Fourth is the Electronic Prescription of Controlled Substances.
The electronic prescription of controlled substances is not so much a challenge as it is a milestone of progress for all Texas prescribers. Following the issuance of DEA guidelines in 2010, the Texas Department of Public Safety adopted these guidelines in 2013 and completed their beta testing in 2014. The result is a safe and effective way to perform a critical provider task with evidence of improved care quality. For telehealth providers, this is much appreciated progress and an improvement over current workarounds though it also remains mostly unrealized as not all prescribing software vendors are currently offering this feature.
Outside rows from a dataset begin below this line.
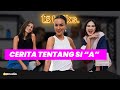 Luna Maya dan Sophia Latjuba Blak-blakan Curhat Tentang Asmara | TS Talks Eps. 20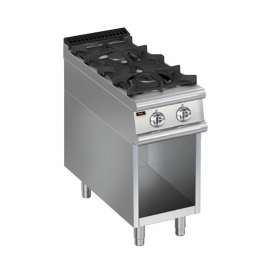 Плита газовая Apach Chef Line LRRG47OS купить в Е.Маркет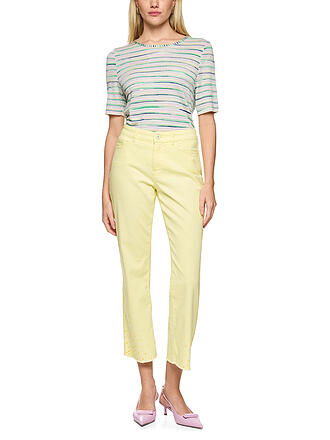 MARC CAIN | Jeans Coupe Évasée 7/8 FORLI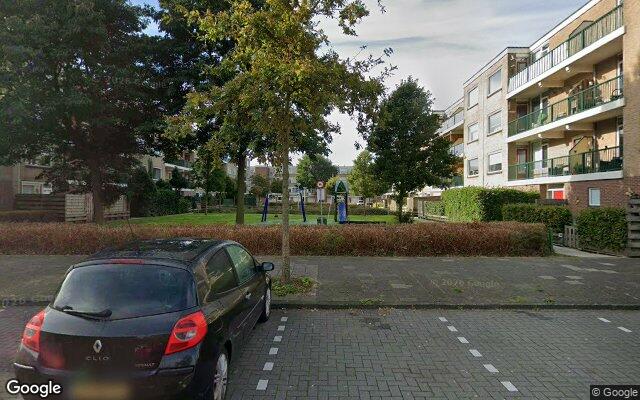 Speeltuin Rederijkersplein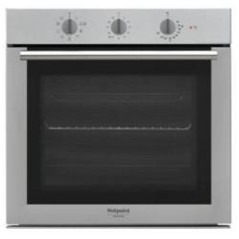 NUOVO MODELLO HOTPOINT FORNO BI FA4834HIXHA Hotpoint Cod. F100103 Forni Elettrici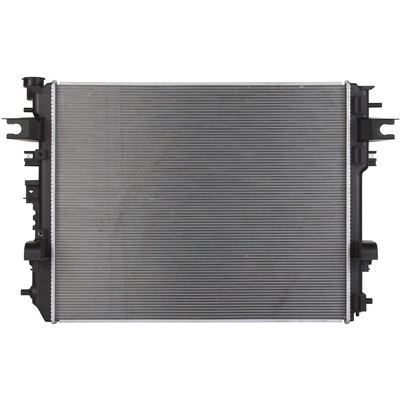 BTK - R13129 - Radiateur pa2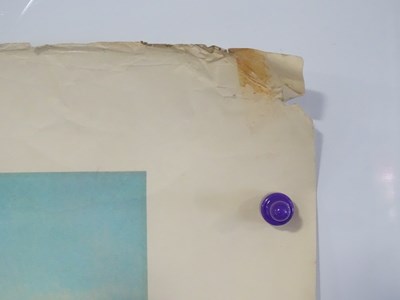 Lot 11 - GPO (Post Office) circa 1962 - 'Keeping in...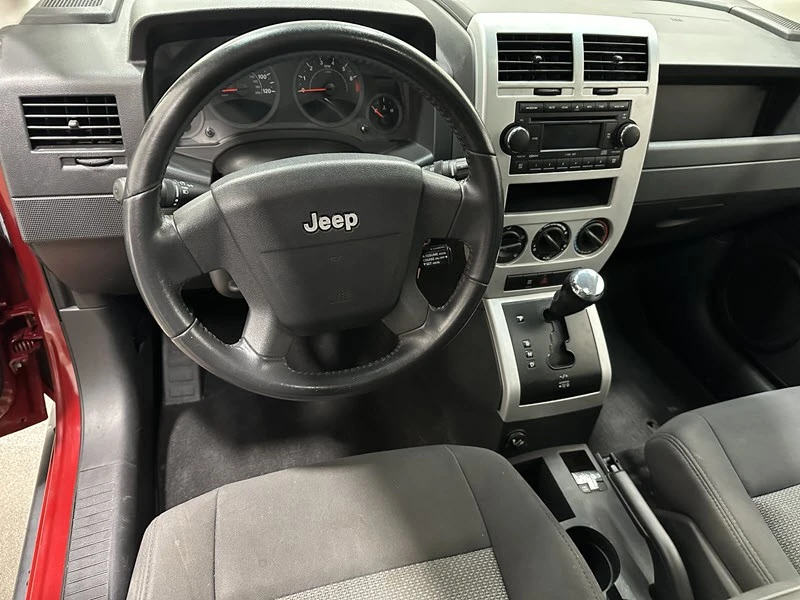2008 Jeep Compass - Image 9 of 21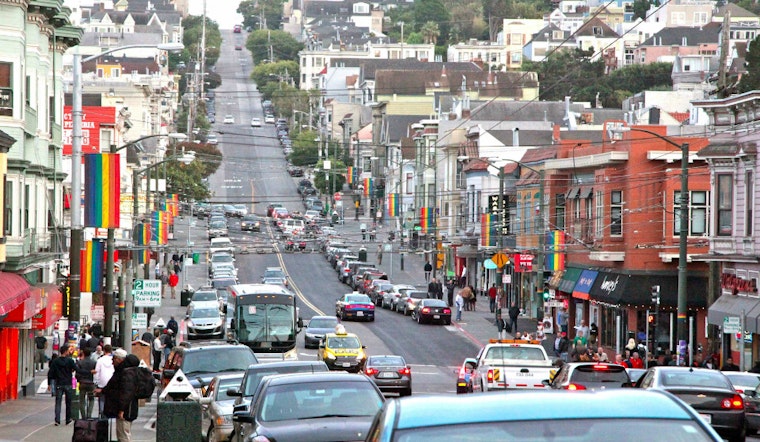Castro Business Briefs, Spring Edition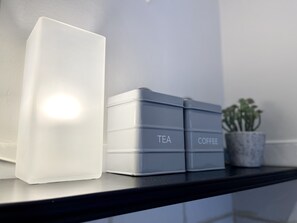 Luxury Apartment, Ensuite, City View | Shared kitchen - Waterloo Luxury Apartment (London)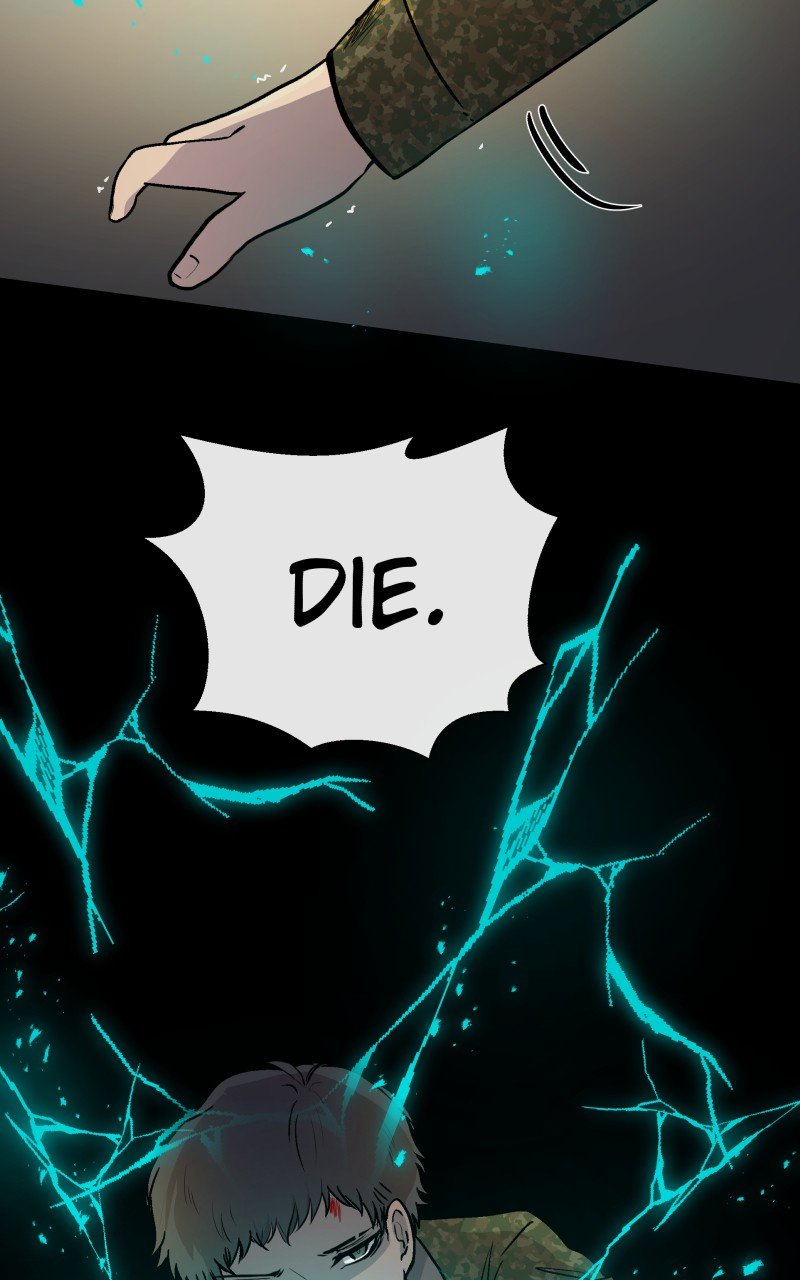 Rebirth chapter 65 page 55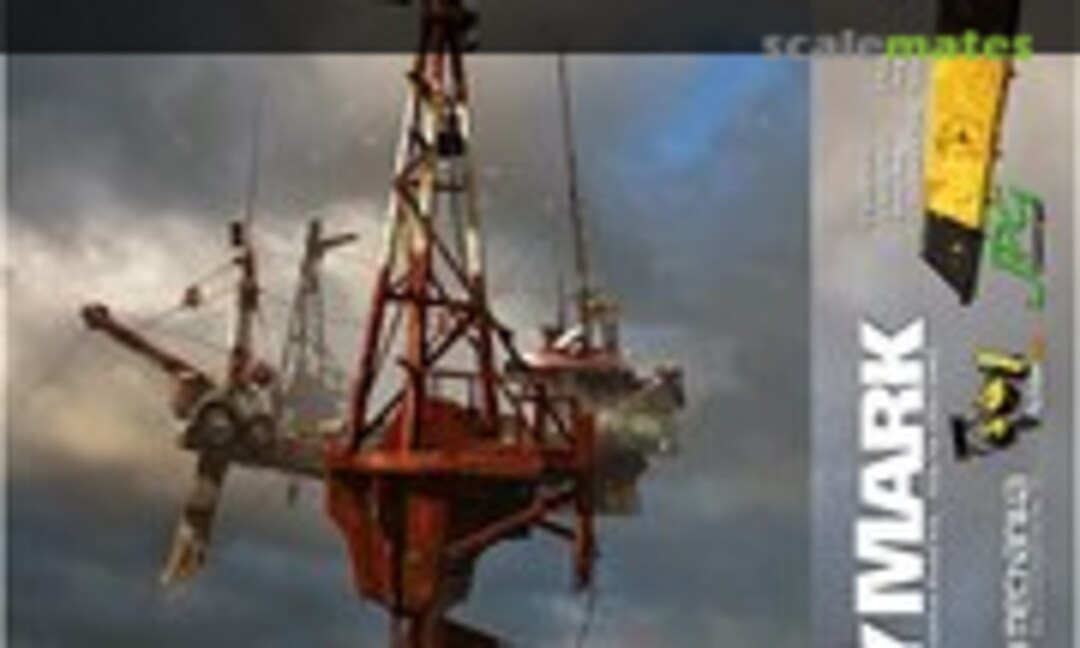 1:35 SkyMark (Industria Mechanika IMECH014) IMECH014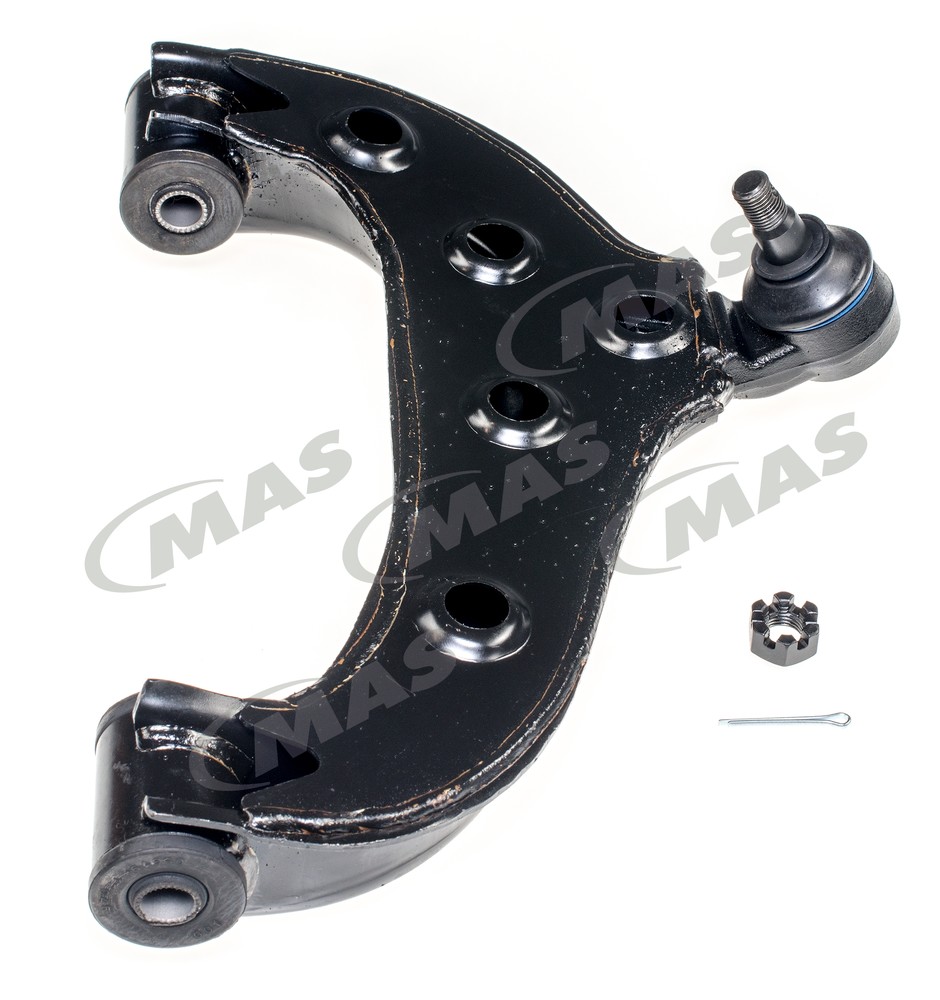 Foto de Conjunto de Brazo de Control Suspensin y Rtula para Suzuki Sidekick 1995 1996 Marca MAS INDUSTRIES Nmero de Parte CB73516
These four areas demonstrate opportunities for our elected officials to support and encourage the continued growth and maturation of telehealth in Texas. Additional challenges do remain and largely revolve around our current inability to know exactly how best to proceed. Technology innovates at a blazing pace creating devices and services with enormous potential every day. As a doctor dedicated to figuring out how best to use technology, even I am sometimes captivated by the latest and greatest. Ultimately, I tend to support care models that strike the balance between innovative improvements and the maintenance of standards of care.
In closing, I wish to thank Chairwoman Crownover and the Public Health Committee for convening this gathering as I hope this leads to publically demonstrating that the state of Texas remains a leader in the field of telehealth care.